*** Available data Section Begins ***

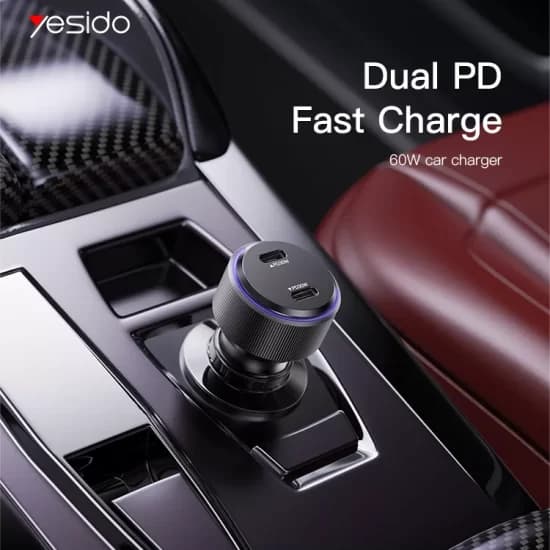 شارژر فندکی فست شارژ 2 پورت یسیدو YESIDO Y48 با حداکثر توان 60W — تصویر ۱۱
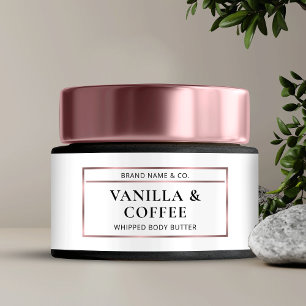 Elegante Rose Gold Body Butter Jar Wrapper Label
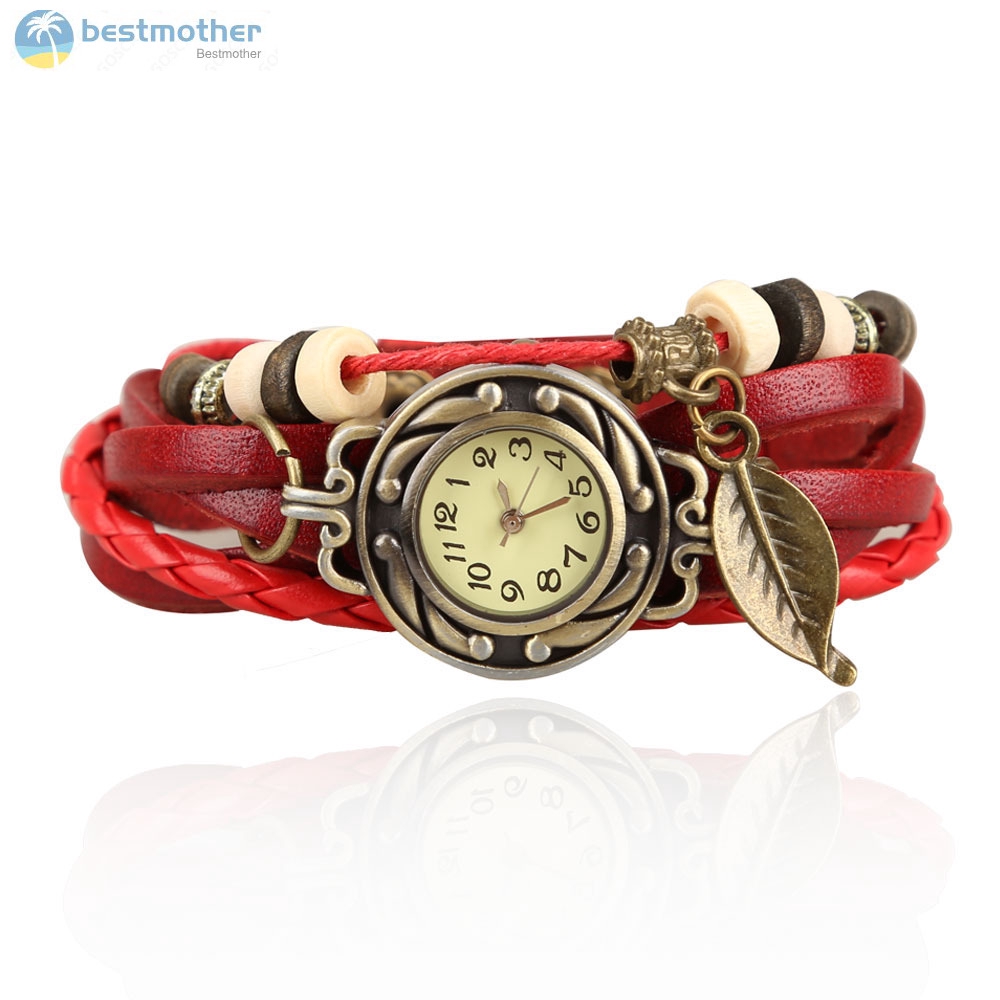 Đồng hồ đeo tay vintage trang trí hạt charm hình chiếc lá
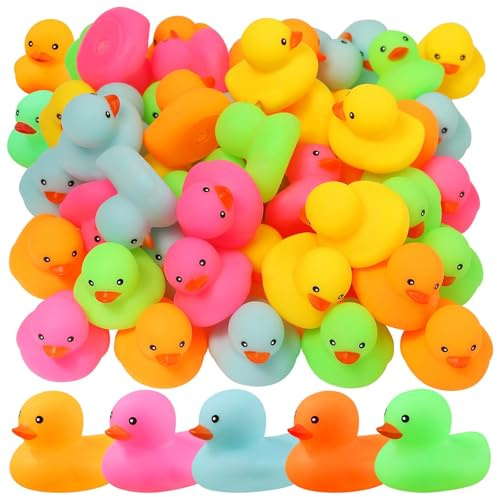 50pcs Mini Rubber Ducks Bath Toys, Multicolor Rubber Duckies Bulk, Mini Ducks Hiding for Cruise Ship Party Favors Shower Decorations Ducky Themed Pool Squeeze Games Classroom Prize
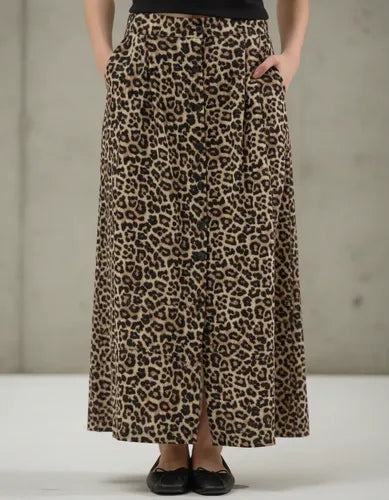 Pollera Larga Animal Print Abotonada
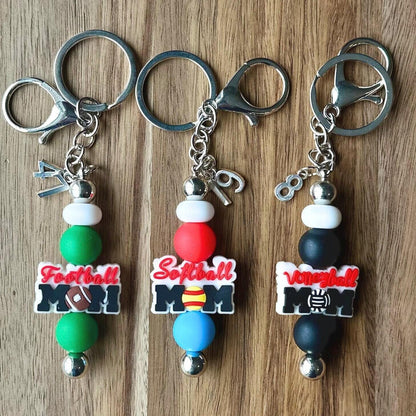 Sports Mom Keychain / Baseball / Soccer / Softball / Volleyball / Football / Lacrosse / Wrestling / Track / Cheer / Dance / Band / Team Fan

*** Available data Section Ends ***

• [Exercise requirements]: Your copy should run from the line that has "Pollera Larga Animal Print Abotonada" through the last line above, exactly, with both ends in and pictures out.

• [Exercise output]:
 Pollera Larga Animal Print Abotonada
 Sports Mom Keychain / Baseball / Soccer / Softball / Volleyball / Football / Lacrosse / Wrestling / Track / Cheer / Dance / Band / Team Fan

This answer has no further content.